De bewijsvoering behoeft, mede gelet op hetgeen in hoger beroep aan de orde is
gekomen, verbetering. Naast de door de rechtbank gebruikte bewijsmiddelen, komt de bewezenverklaring mede te berusten op:
De eigen waarneming van het hof met betrekking tot de camerabeelden die ter terechtzitting van dit hof op 21 mei 2021 zijn getoond, inhoudende:
Het hof neemt op de camerabeelden waar dat de persoon die hierop is te zien, waarvan de verdachte zelf heeft verklaard dat hij dat is, onder zijn rechterarm een rechthoekig voorwerp heeft geklemd. Dit steekt af tegen het lichtkleurige shirt van de verdachte. De verdachte ondersteunt dit voorwerp met zijn rechterhand aan de onderkant waarbij hij zijn arm gestrekt heeft. Met zijn linkerhand houdt hij het voorwerp aan de bovenkant vast. Hij houdt daarbij zijn linkerarm gebogen in een hoek van 90 graden. Met de rechterhand ondersteunt de verdachte het voorwerp en met de linkerhand stuurt hij het voorwerp.

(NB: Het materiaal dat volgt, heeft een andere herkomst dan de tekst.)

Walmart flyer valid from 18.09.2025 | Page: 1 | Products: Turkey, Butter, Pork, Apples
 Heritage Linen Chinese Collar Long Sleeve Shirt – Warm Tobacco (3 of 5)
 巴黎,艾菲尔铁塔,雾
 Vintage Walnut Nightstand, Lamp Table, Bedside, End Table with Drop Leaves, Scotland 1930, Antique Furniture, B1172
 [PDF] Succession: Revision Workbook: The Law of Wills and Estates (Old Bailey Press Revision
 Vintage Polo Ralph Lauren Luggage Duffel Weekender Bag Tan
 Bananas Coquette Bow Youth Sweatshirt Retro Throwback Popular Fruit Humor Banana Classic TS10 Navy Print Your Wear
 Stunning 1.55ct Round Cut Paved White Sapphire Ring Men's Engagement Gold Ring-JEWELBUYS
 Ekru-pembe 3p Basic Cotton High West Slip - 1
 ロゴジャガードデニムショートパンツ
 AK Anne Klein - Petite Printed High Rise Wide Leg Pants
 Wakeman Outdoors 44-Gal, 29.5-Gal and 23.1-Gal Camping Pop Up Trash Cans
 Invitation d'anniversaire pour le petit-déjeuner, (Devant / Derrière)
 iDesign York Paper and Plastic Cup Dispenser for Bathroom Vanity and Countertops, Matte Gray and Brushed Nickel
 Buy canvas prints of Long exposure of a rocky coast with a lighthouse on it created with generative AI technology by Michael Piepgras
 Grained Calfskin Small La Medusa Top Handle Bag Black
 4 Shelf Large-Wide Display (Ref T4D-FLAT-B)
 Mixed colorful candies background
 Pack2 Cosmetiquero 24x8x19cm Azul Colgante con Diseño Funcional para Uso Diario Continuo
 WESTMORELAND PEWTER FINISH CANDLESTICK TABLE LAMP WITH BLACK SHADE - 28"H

Voorts vult het hof het bewijs aan met de onderstaande passage afkomstig uit het proces-verbaal van bevindingen d.d. 6 juni 2017, pagina 531, zoals vermeld in voetnoot 2 van het vonnis van de rechtbank:
Op 2 juni 2017 vond er een doorzoeking ter inbeslagname plaats in de woning gelegen aan het [adres 2] te Maastricht, (
het hof begrijpt in samenhang bezien met pagina’s 500 en 501 van het politiedossier:)de woning van [slachtoffer]
.
Tot slot vervangt het hof het bewijsmiddel “foto’s van deze doos” zoals genoemd in voetnoot 2 van het vonnis van de rechtbank door de navolgende eigen waarneming van het hof:
Het hof neemt op de foto’s opgenomen in het politiedossier op pagina’s 533 tot en met 535 een doos waar, waarop onder andere staat “Acer” en “Aspire E 17”.

BESLISSING

Het hof:
Bevestigt het vonnis waarvan beroep voor zover aan het oordeel van het hof onderworpen met inachtneming van het hiervoor overwogene.
Aldus gewezen door:
mr. W.E.C.A. Valkenburg, voorzitter,
mr. B. Stapert en mr. A.H.T. de Haas, raadsheren,
in tegenwoordigheid van mr. M.M. Tatters, griffier,
en op 4 juni 2021 ter openbare terechtzitting uitgesproken.
Mr. A.H.T. de Haas is buiten staat dit arrest mede te ondertekenen.